What to do:
In the records below, the line with "宠物狗狗最爱吃的健康零食 羊奶粉小布丁" opens the range and the line with "Leptochiton inquinatus image" closes it; print that range exactly and nothing else.

Dataset entries:
>>

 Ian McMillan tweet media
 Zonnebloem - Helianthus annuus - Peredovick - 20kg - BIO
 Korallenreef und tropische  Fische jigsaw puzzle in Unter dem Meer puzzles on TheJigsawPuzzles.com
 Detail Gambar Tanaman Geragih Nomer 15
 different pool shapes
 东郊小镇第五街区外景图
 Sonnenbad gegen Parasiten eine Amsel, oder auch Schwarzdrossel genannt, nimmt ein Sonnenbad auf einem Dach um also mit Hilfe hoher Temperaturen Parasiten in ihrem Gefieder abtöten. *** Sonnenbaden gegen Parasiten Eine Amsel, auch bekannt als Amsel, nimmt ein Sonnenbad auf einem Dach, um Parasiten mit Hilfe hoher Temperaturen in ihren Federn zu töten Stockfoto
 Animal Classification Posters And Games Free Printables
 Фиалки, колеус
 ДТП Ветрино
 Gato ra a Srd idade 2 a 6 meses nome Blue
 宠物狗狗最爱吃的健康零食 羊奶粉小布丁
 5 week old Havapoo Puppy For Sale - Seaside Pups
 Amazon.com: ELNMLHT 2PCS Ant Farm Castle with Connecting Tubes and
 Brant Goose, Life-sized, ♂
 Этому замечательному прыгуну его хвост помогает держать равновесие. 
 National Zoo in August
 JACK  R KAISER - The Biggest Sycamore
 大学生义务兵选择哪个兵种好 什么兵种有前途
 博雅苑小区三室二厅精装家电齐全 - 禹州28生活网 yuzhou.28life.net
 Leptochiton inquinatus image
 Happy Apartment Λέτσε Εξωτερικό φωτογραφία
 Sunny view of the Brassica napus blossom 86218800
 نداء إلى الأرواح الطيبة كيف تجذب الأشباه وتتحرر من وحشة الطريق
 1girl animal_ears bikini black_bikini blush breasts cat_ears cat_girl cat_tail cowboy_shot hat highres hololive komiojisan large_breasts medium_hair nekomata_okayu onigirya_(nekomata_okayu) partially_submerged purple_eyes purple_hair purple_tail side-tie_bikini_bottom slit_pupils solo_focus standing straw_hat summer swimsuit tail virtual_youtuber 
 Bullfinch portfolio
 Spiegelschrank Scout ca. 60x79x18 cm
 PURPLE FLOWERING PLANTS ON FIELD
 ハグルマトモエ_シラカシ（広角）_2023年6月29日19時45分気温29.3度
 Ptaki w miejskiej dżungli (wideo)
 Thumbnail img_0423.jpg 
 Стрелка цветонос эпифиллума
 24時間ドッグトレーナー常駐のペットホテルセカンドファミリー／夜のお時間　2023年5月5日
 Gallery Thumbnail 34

<<

Task result:
 宠物狗狗最爱吃的健康零食 羊奶粉小布丁
 5 week old Havapoo Puppy For Sale - Seaside Pups
 Amazon.com: ELNMLHT 2PCS Ant Farm Castle with Connecting Tubes and
 Brant Goose, Life-sized, ♂
 Этому замечательному прыгуну его хвост помогает держать равновесие. 
 National Zoo in August
 JACK  R KAISER - The Biggest Sycamore
 大学生义务兵选择哪个兵种好 什么兵种有前途
 博雅苑小区三室二厅精装家电齐全 - 禹州28生活网 yuzhou.28life.net
 Leptochiton inquinatus image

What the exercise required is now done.